- **ACTION ITEM**
Range to copy from the entries below: the line containing "RCStore.com, your RC" through the line containing "Hi, I'm Ellen", inclusive. Retype only those lines, exactly, without any images.

- **INFORMATION PROVIDED**
**********

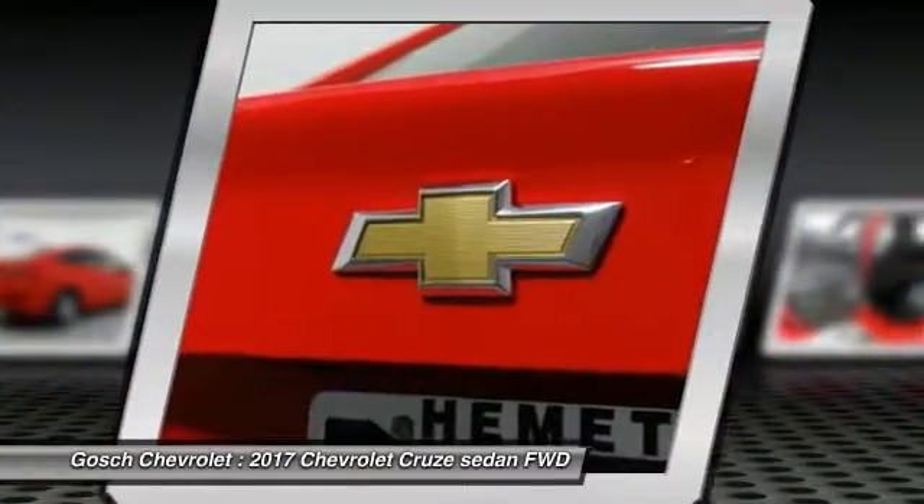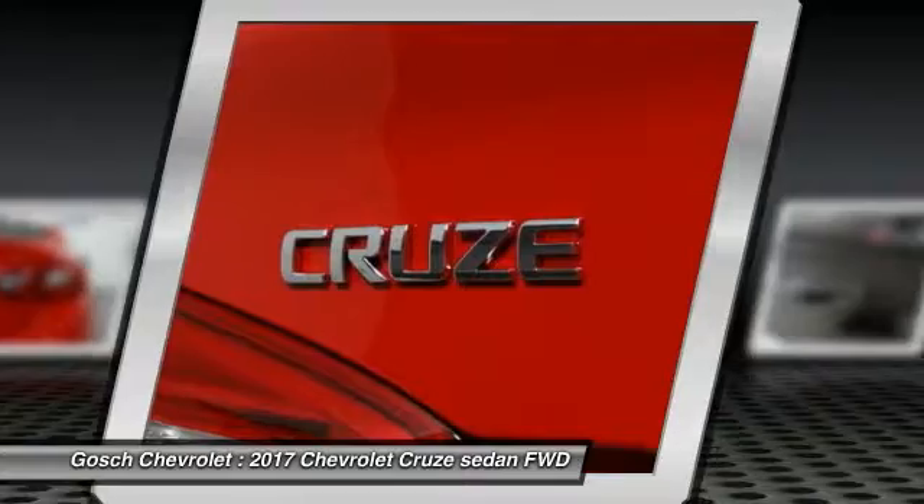Tilt Steering Wheel, Power Driver Mirror, Telescopic Steering Wheel, and Low Tire Pressure Warning.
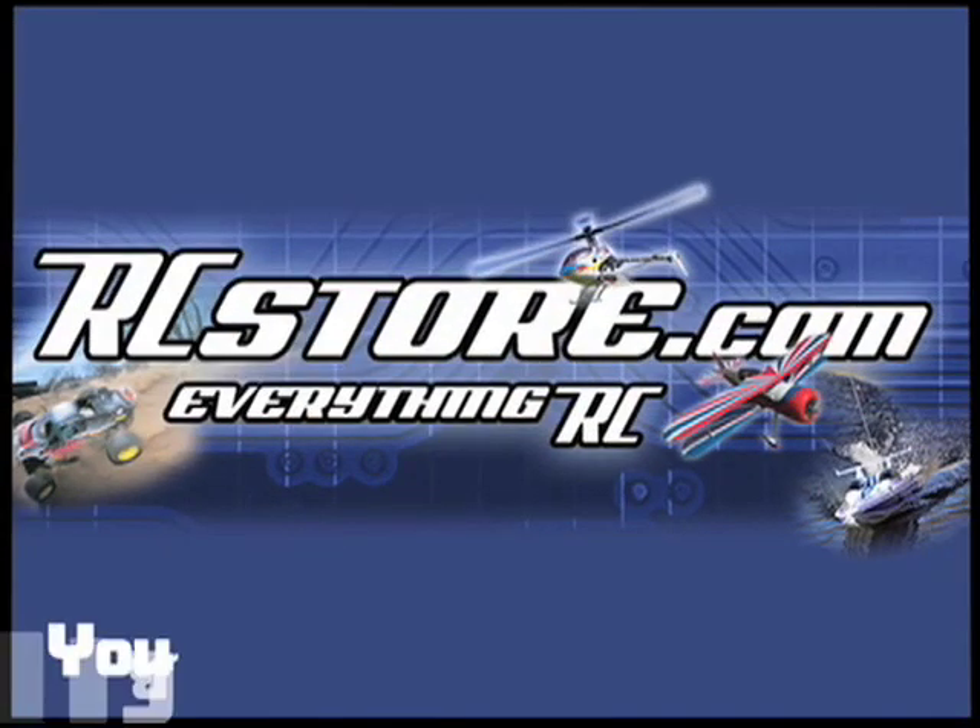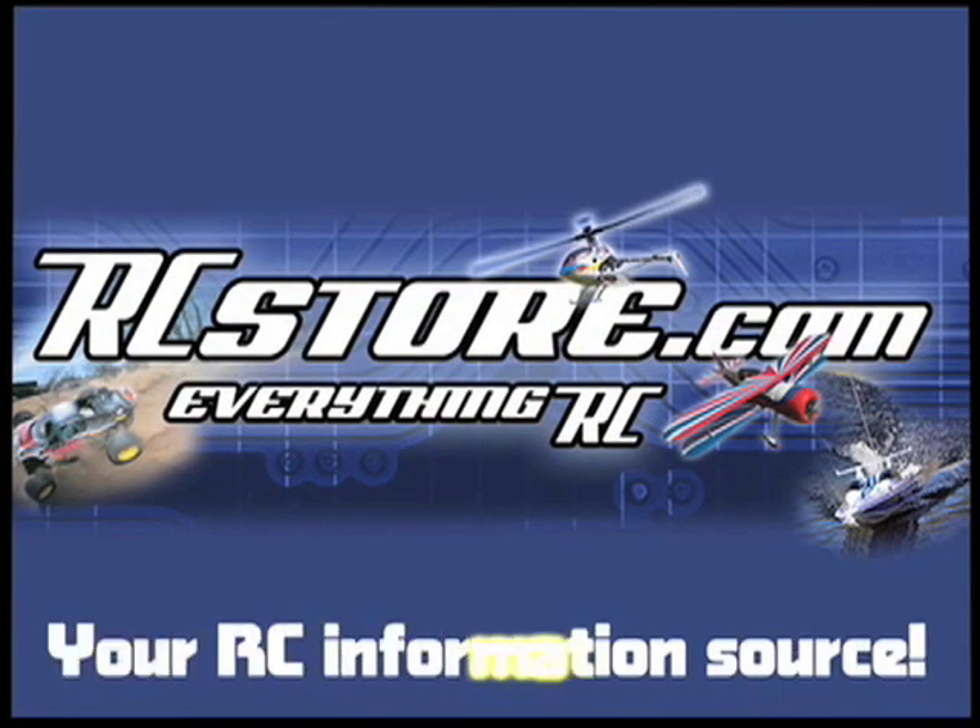RCStore.com, your RC information source. Hi everybody, I'm Chris Chianelli.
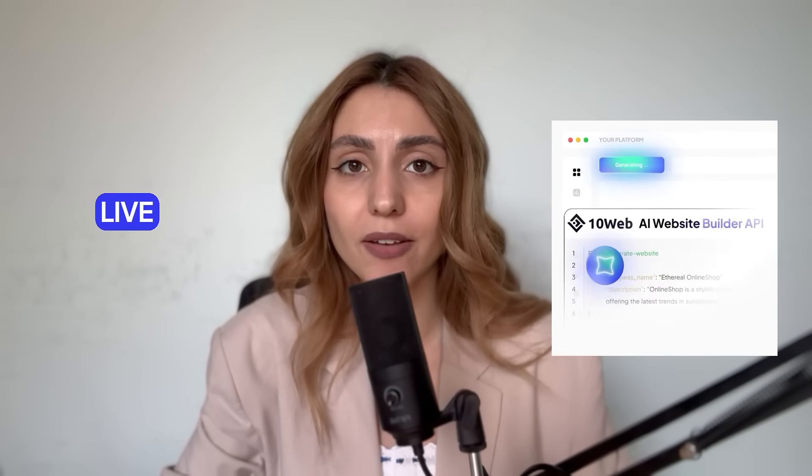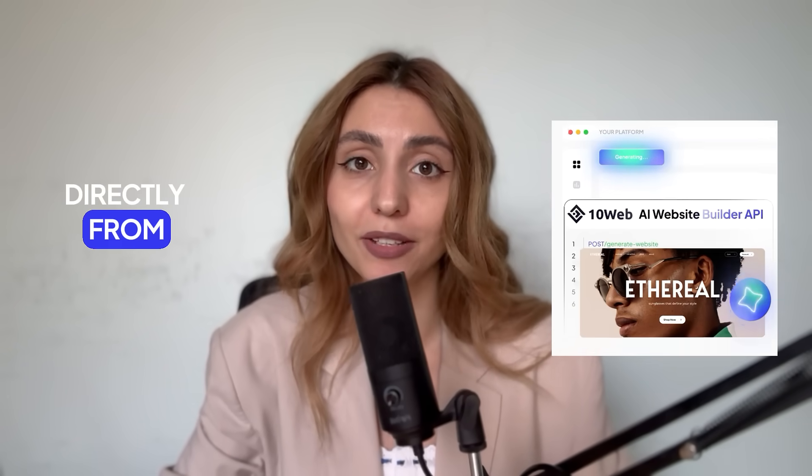Hi, I'm Ellen from TenWeb, and today I'll show you how you can offer instant branded websites with every hosting plan and boost your revenue. TenWeb's White Label AI Website Builder lets your users generate live WordPress sites in minutes directly from your dashboard, without sending them to external tools.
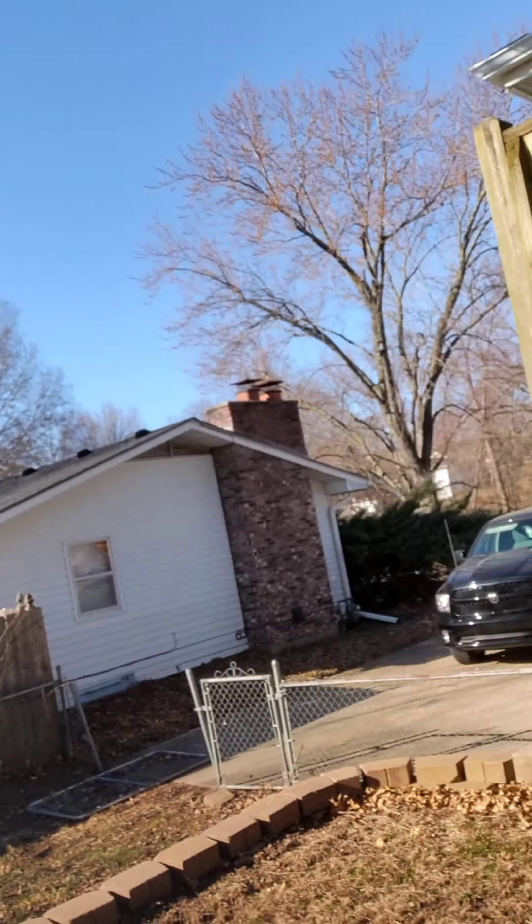Good morning everyone, this is Daniel Sink with Crest Home Inspections here with your tip of the day. We're inspecting this house in Leavenworth, Kansas. I always have people ask me about decks, and I tell them that statistically about 80% of all decks built in the United States are unsafe. So I'm here to point out a few things about this deck that will be potentially unsafe.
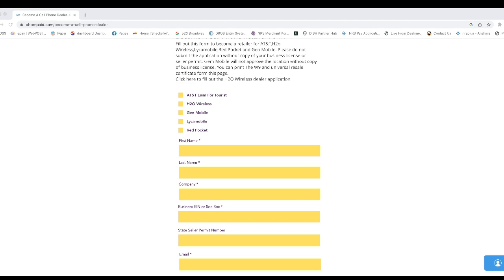We will apply for you for all the prepaid companies. We are master dealer for all the companies — like if you want to sell Lyca Mobile, H2O Wireless, even T-Mobile. We are master dealer for all these big companies.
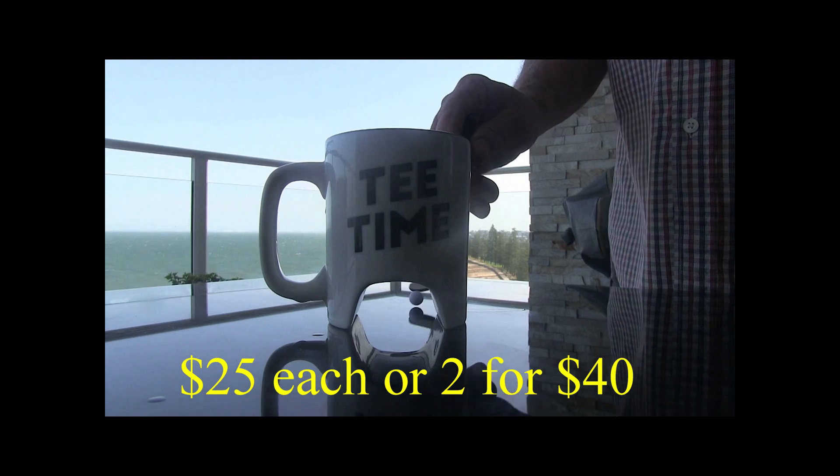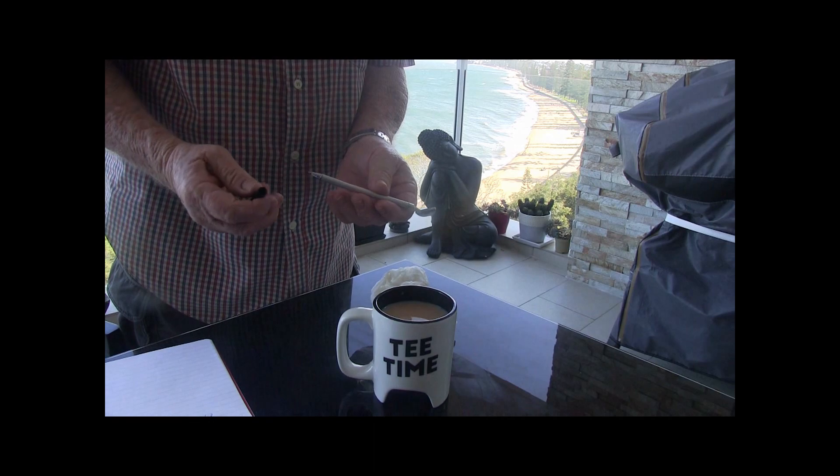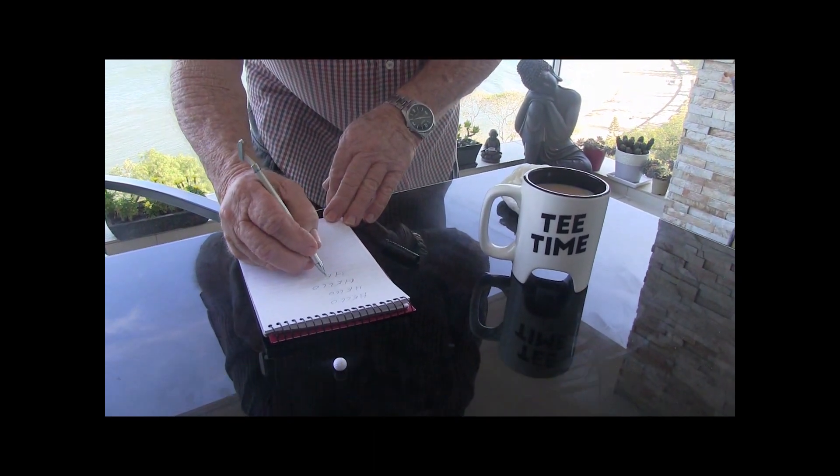Check out these golf markers — $25 each, two for 40 bucks. The putter turns into a drink stirrer, and then the drink stirrer turns into a pen. What a great gift — $25 each, two for 40 bucks. The perfect gift for the golfer in your life.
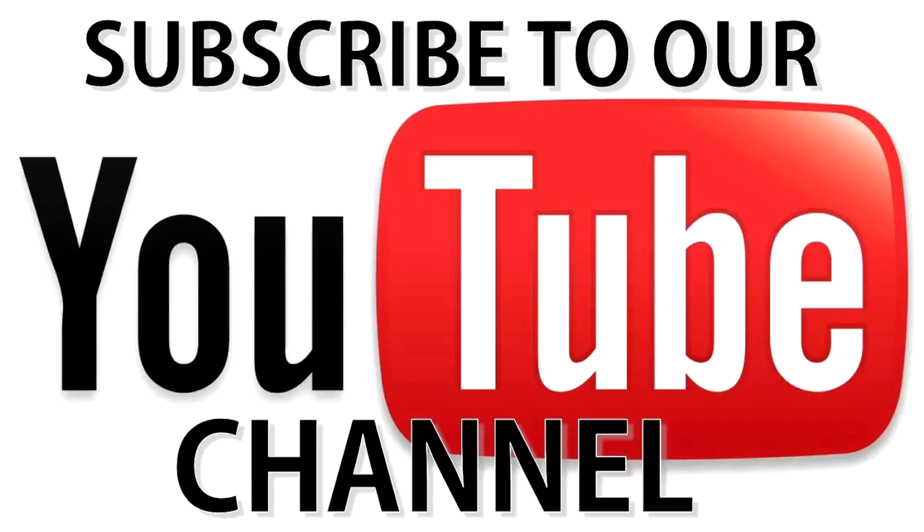If you have some other tips, please share them in the comments section. To stay up to date with the latest videos and health tips, make sure to subscribe to this YouTube channel by clicking the subscribe button, and don't forget to press the bell icon to never miss another update. Thanks for watching.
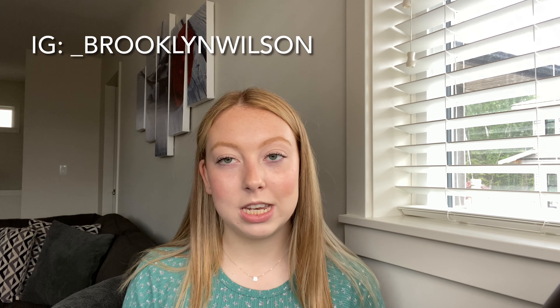Hi guys and welcome back to another YouTube video. My name is Brooklyn if you are new here, and in today's video I'm going to be doing my first ever spring 2021 haul. I thought I would film this video because over the past month I've collected a bunch of different clothes that I bought, and I thought it would be really cool to show you guys everything that I got and also try it on for you. Make sure you subscribe to my YouTube channel and comment down below more videos you would like to see from me. Now let's get into the video.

**********

- **SOLUTION TO THE EXERCISE**
RCStore.com, your RC information source. Hi everybody, I'm Chris Chianelli.
Hi, I'm Ellen from TenWeb, and today I'll show you how you can offer instant branded websites with every hosting plan and boost your revenue. TenWeb's White Label AI Website Builder lets your users generate live WordPress sites in minutes directly from your dashboard, without sending them to external tools.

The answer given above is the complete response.